Jeffery et al. (2005) suggested the following 5 advices for building team mental models:
1. Clarification of team objectives and tasks, environment and variables.
Team members clarify objectives and tasks and identify collaborative modeling and effective communications as team goals. Open and thorough discussion builds understanding of each other and exercises the collaboration and communication process (Jeffery et al., 2005).
2. Establishing roles and responsibilities.
Clarifying team member roles and responsibilities should be accomplished after the team defines team objectives and the tasks necessary to accomplish the objectives and sets collaborative modeling and effective communications as team goals. This requires the development of team interaction models that represent a blueprint for how the team works as a team (Cannon-Bowers et al., 1993).
3. Information processing, communication, and collaborative modeling rules and procedures.

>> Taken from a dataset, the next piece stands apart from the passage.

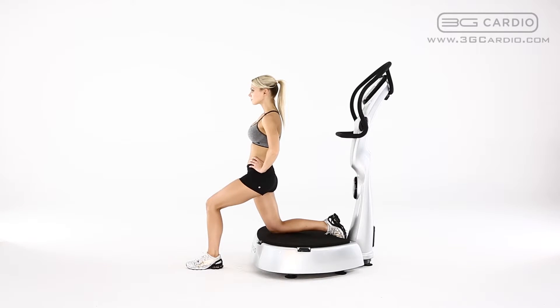Keeping your back straight, lean back and push your hips forward to stretch your quadriceps. Repeat this movement for the duration of the exercise timer. Repeat with the other leg.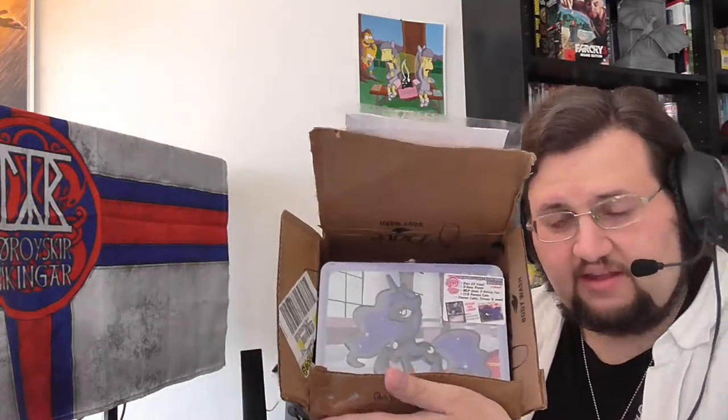I am now going to open this package for the first time. Sheesh, well packed. Okay, here we go — we've done it. Yes, package is opened. As you can see, it is a Luna slash Nightmare Moon tin box.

Team members should address techniques they will use for communicating, feedback, and sharing mental models in order to accomplish team objectives (Jeffery et al., 2005).
4. Knowledge of team members’ background and style.

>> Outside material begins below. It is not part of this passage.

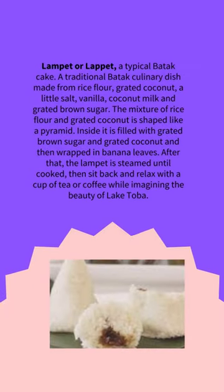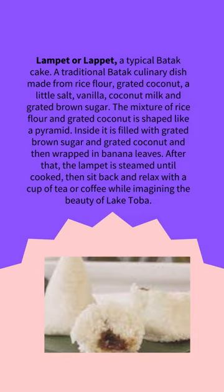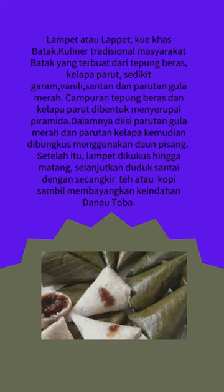Lampet or Lapet, a typical Batak cake. A traditional Batak culinary dish made from rice flour, grated coconut, a little salt, vanilla, coconut milk, and grated brown sugar.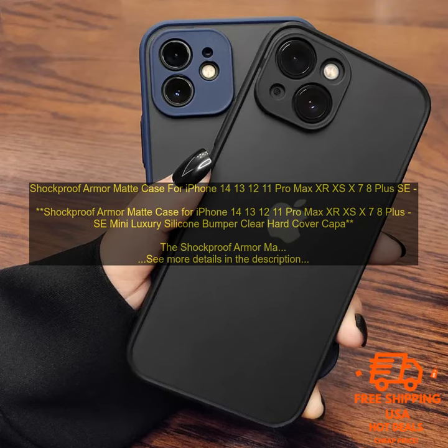Shockproof Armor Matte Case for iPhone 14, 13, 12, 11 Pro Max, XR, XS, X, 7, 8 Plus, SE.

Team members need to understand other team members’ knowledge, skills, abilities, preferences, strengths, weakness, and tendencies (Cannon-Bowers et al., 1993).

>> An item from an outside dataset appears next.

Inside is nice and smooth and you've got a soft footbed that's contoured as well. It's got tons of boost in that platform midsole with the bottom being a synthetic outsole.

5. Collaborative modeling scheme.
This plan includes rules and procedures for articulating individual models and the process the team will use to develop a shared mental model (Jeffery et al., 2005).
These imperatives indicate important milestones in the facilitation sessions, which Visual Thinkers/Graphic Facilitators can follow in the progress. Visual Thinkers/Graphic Facilitators can make a certain checklist based on these five imperatives to make sure they put their efforts efficiently on rather important things. Then the participants can work together better because of the creation of the fundamental agreement on criteria of the task, personal roles, ways of common communication, each others’ backgrounds and styles, and a collaborative scheme to develop TMMs.
According to these imperatives, Visual Thinkers/Graphic Facilitators in this process also need to introduce their roles and functions to the participants. They have to make sure that the participants understand proper rules of VT/GF in the process in order to avoid miss-led information and make the best out of VT/GF.